Malgré ses mérites scientifiques et littéraires, malgré la modération et la dignité du ton, le nouvel ouvrage de Strauss n’obtint pas à beaucoup près le succès qu’il en attendait. Quelque effort qu’il eût fait afin d’oublier son érudition, l’auteur n’avait pas laissé d’en faire paraître assez pour effaroucher le gros public. Puis son essai de restitution de la vie de Jésus, narration sèche et incolore, tirée exclusivement des textes écrits et où le souffle manquait, semblait encore plus pâle à côté de la brillante étude que M. Renan venait de publier la même année sous le nom de Vie de Jésus. L’ouvrage français, quelque discutables qu’en soient certaines conclusions, quelque excessive la place qu’y tiennent l’hypothèse et l’à peu près, avait à un haut degré cette vie et cette couleur locale totalement absentes du livre allemand ; tout rayonnant encore du soleil d’Orient, sous les feux duquel il avait été esquissé, il était moins exact peut-être, assurément plus vrai.

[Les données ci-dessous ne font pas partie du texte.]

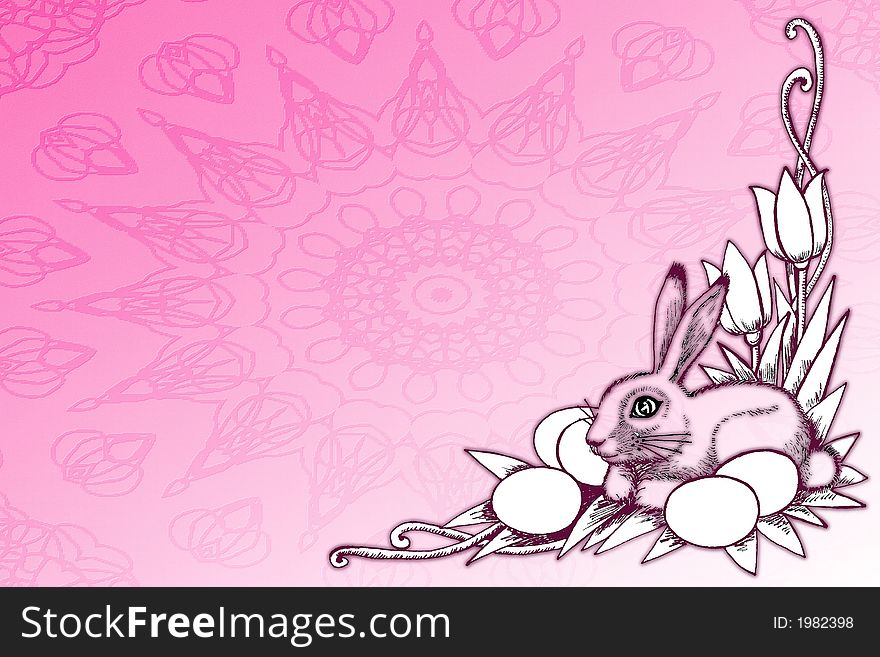 Pretty illustration with easter eggs , tulips and bunny over pink background .Great holiday stationary template with lots of room for text. Pretty illustration with easter eggs , tulips and bunny over pink background .Great holiday stationary template with lots of room for text.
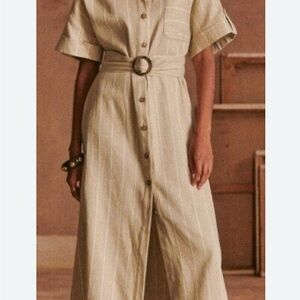 Sezane linen shirt dress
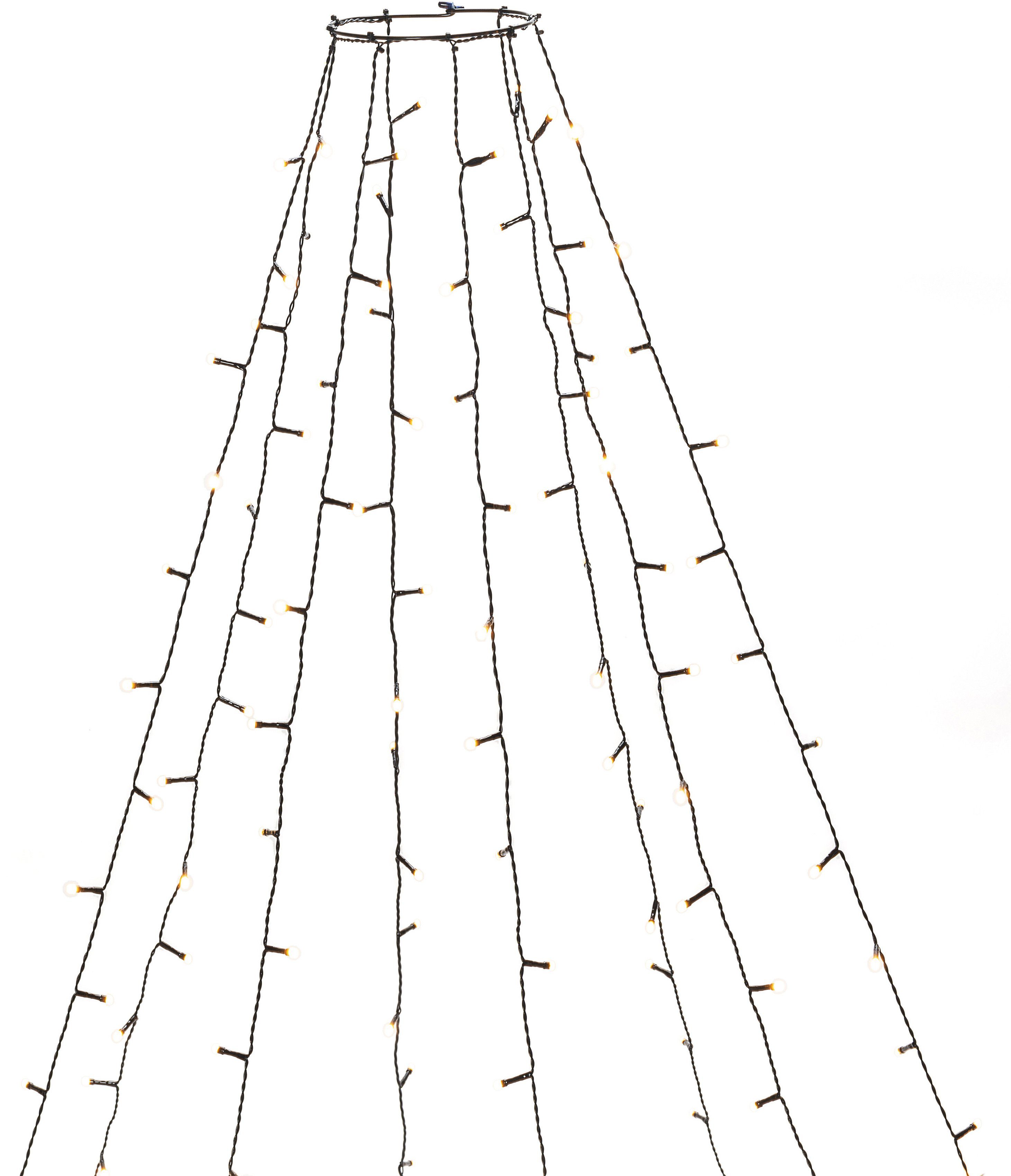 KONSTSMIDE Led-boomverlichting Kerstversiering buiten, kerstversiering, 8 uurs timer Ring Ø 15, 8 strengen à 50 amberkleurige diodes, voorgemonteerd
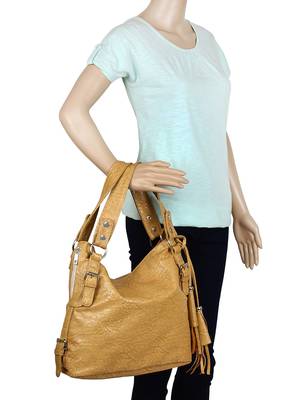 Lychee Bags Women's Beige PU Handbags 3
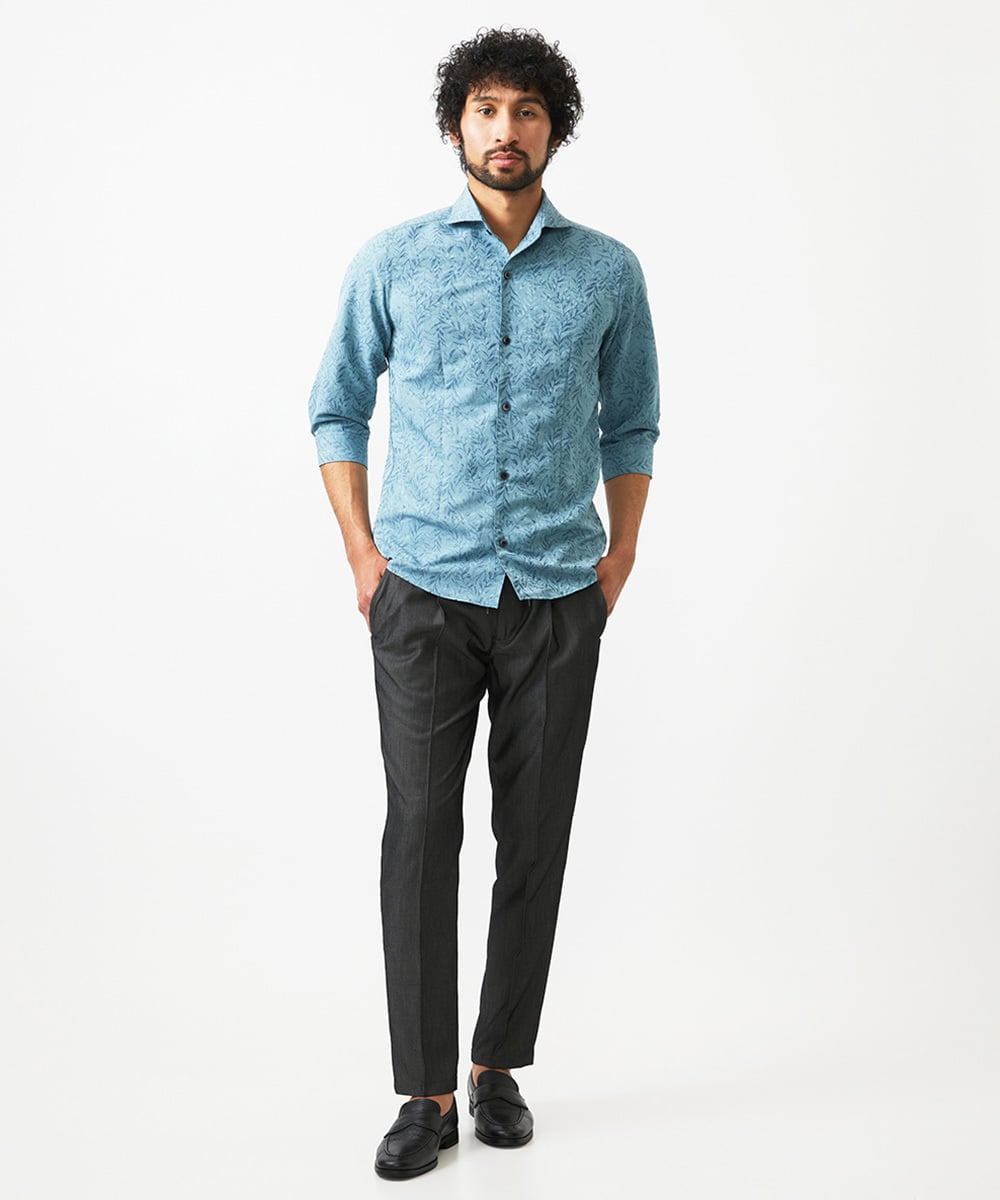 MNBHA66270 MICHEL KLEIN HOMME(ミッシェルクラン オム) 《日本製》ボタニカル柄七分袖シャツ グリーン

Sans se laisser décourager par son demi-échec, le docteur Strauss ne fit cependant paraître pendant les années suivantes aucun ouvrage de longue haleine. Nommons parmi ses opuscules de cette époque le Christ de la foi et le Jésus de l’histoire, les Demi-critiques et les Critiques entiers (Die Halben und die Ganzen), pamphlet virulent dirigé contre la timide et chancelante interprétation de théologiens comme Schenckel, et où l’on regrette de voir percer une animosité personnelle préjudiciable à l’impartialité de l’auteur. N’oublions pas enfin le chef-d’œuvre littéraire de Strauss, sa Biographie de Voltaire (1870), entreprise à la demande de la princesse Alice d’Angleterre, fruit d’études assidues, surtout remarquable par la justesse et la finesse des appréciations portées par un écrivain purement allemand sur un auteur dans lequel le génie français paraît s’être incarné.